After finding the line with "A wide shot" in the entries below, copy that line and each one after it exactly, through the last line, and omit pictures.

--

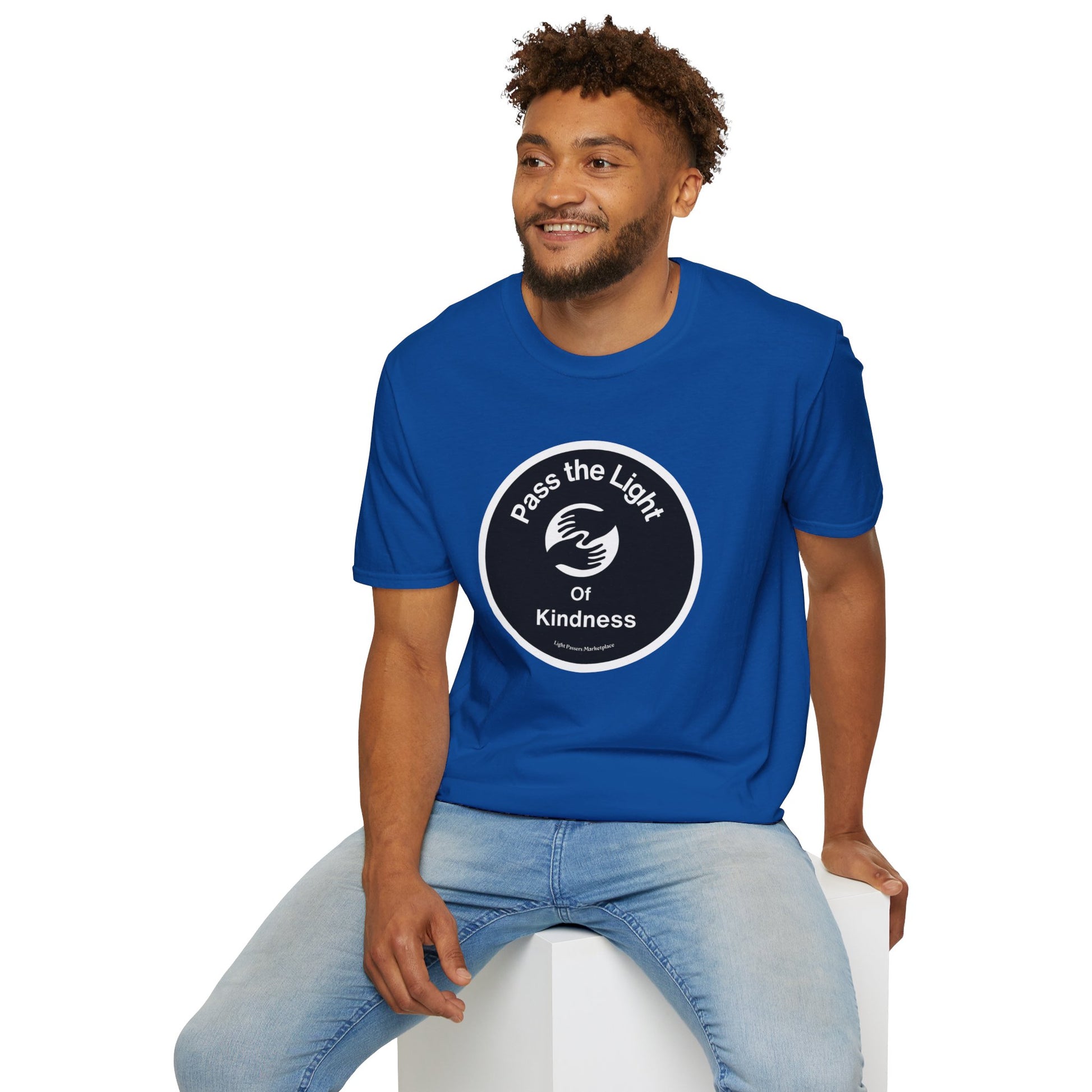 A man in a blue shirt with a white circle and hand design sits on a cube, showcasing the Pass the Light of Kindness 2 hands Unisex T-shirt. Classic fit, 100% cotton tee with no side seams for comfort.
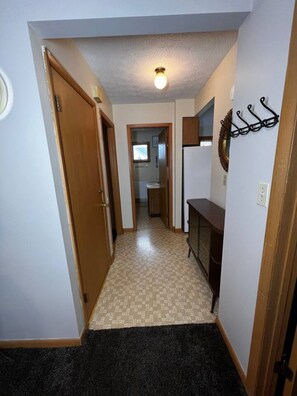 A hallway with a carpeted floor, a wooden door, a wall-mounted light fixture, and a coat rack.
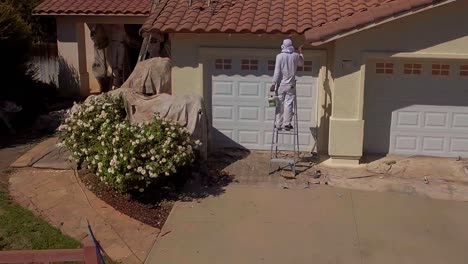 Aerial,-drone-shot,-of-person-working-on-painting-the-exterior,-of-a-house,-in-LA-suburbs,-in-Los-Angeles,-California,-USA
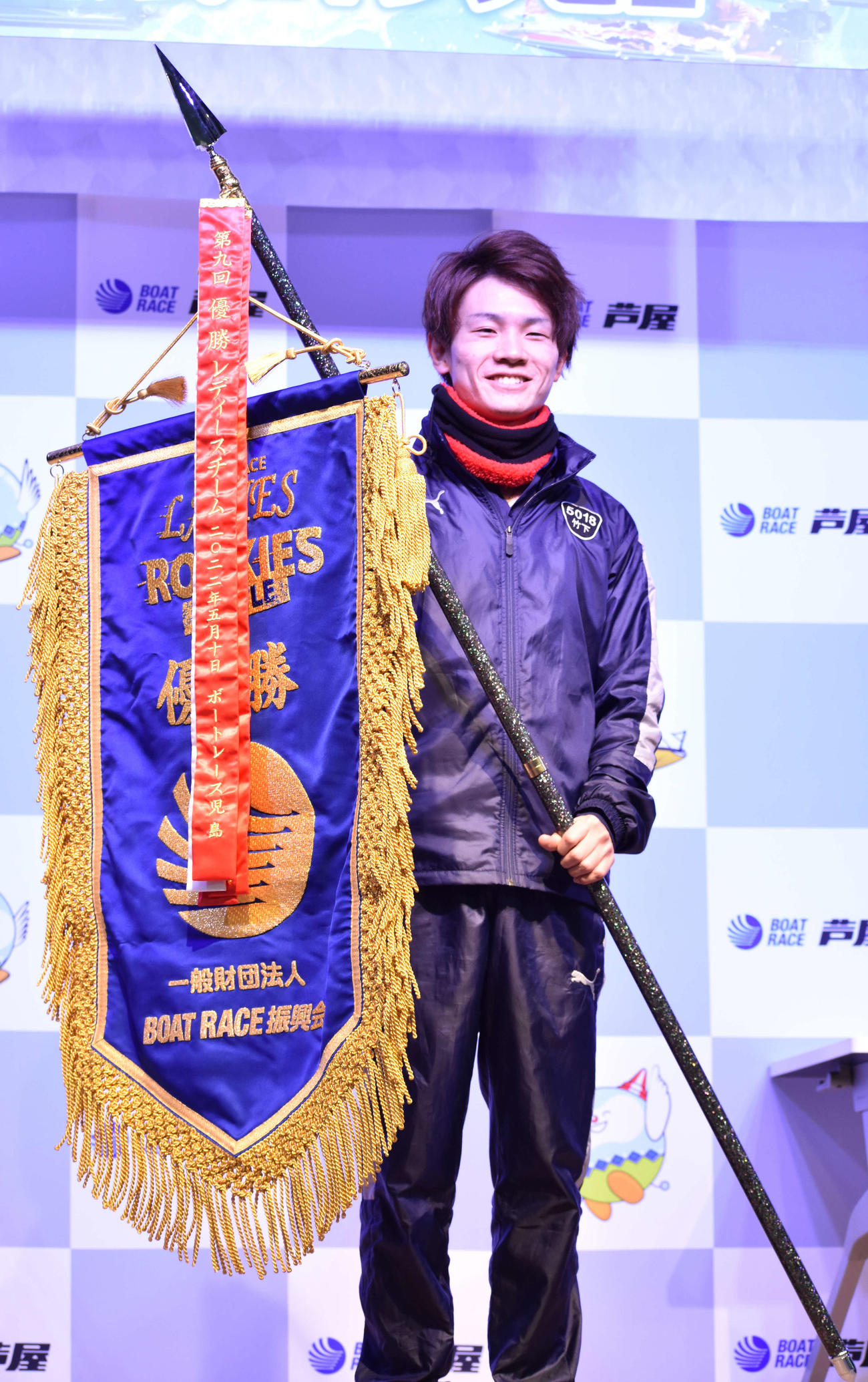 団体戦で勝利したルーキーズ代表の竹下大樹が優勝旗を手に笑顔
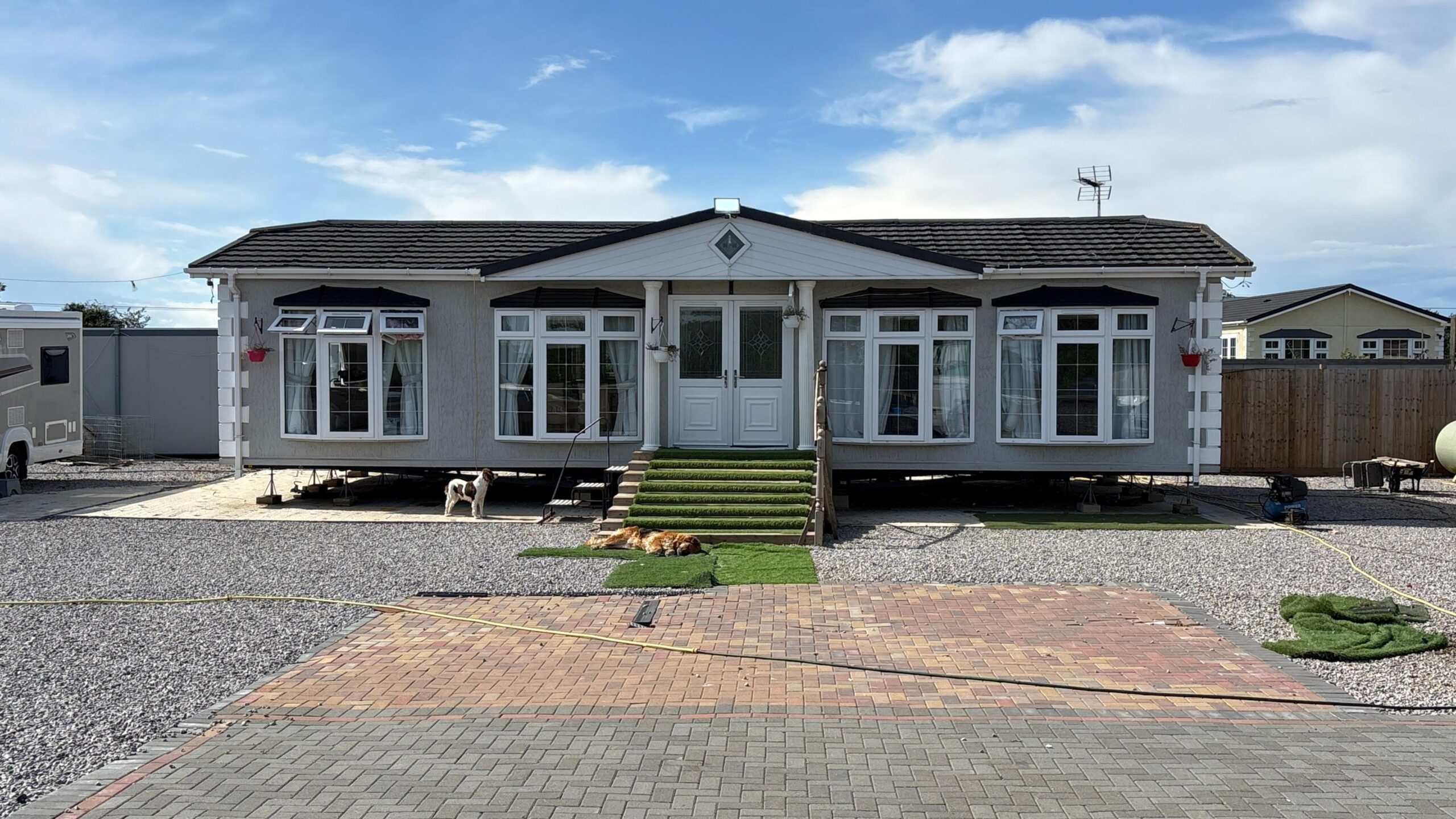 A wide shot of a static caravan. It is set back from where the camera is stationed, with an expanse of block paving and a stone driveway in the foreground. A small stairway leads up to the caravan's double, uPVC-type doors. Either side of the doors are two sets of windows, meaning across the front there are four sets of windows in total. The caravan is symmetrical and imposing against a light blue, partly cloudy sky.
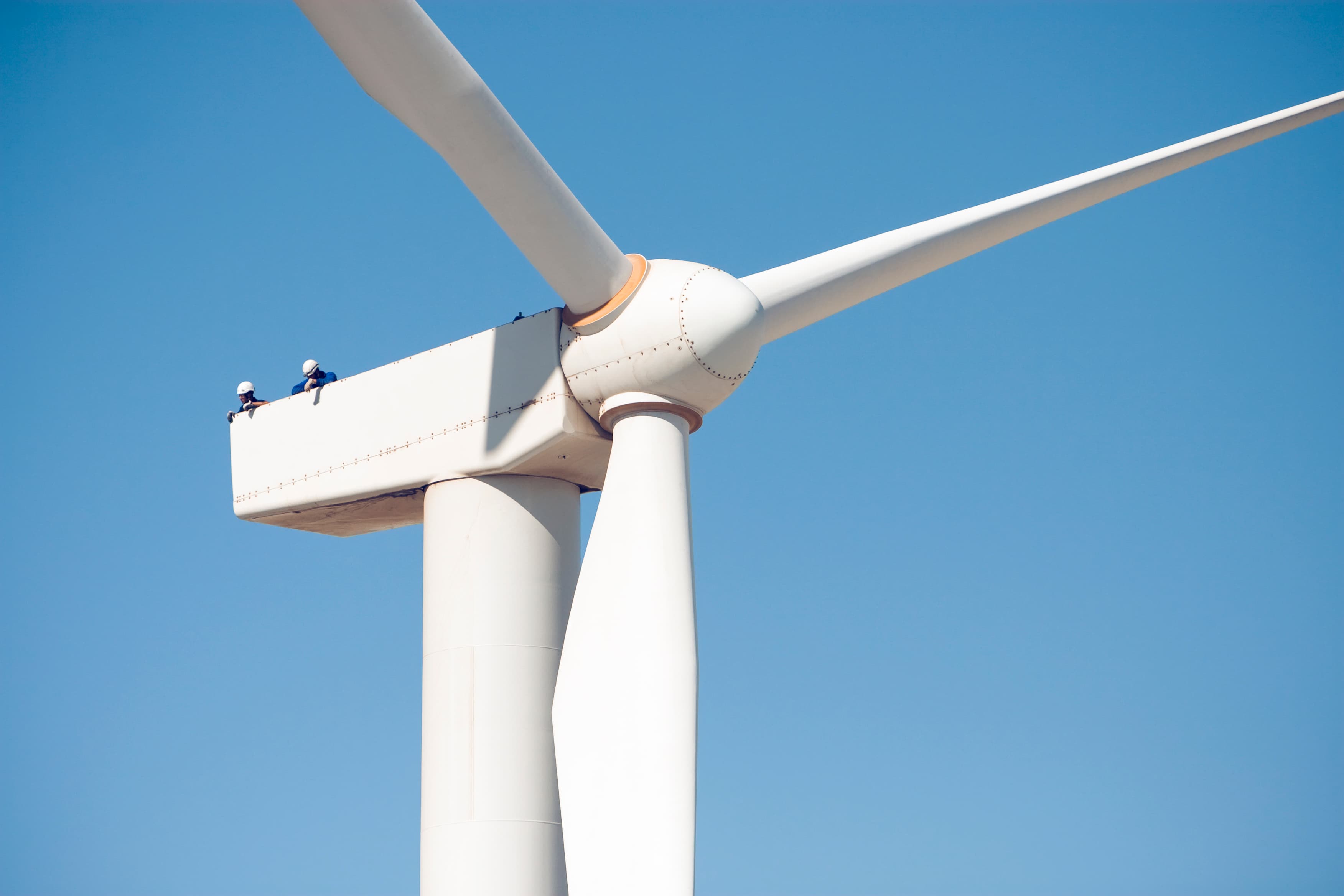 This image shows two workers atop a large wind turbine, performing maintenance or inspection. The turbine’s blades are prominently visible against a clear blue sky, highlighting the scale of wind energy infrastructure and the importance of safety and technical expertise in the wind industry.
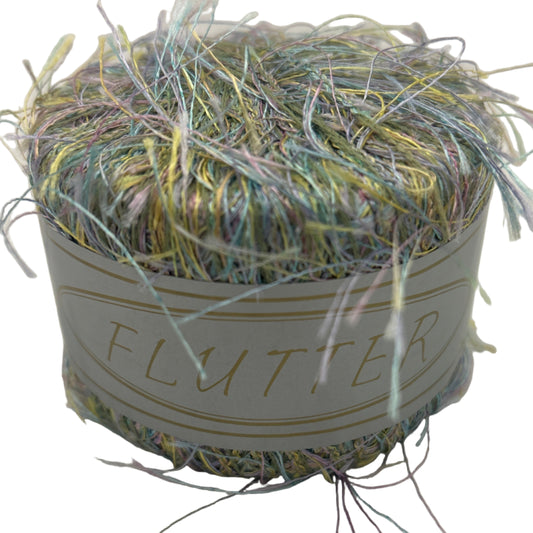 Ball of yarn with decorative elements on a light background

--

[SOLVED PROBLEM]
 A wide shot of a static caravan. It is set back from where the camera is stationed, with an expanse of block paving and a stone driveway in the foreground. A small stairway leads up to the caravan's double, uPVC-type doors. Either side of the doors are two sets of windows, meaning across the front there are four sets of windows in total. The caravan is symmetrical and imposing against a light blue, partly cloudy sky.
 This image shows two workers atop a large wind turbine, performing maintenance or inspection. The turbine’s blades are prominently visible against a clear blue sky, highlighting the scale of wind energy infrastructure and the importance of safety and technical expertise in the wind industry.
 Ball of yarn with decorative elements on a light background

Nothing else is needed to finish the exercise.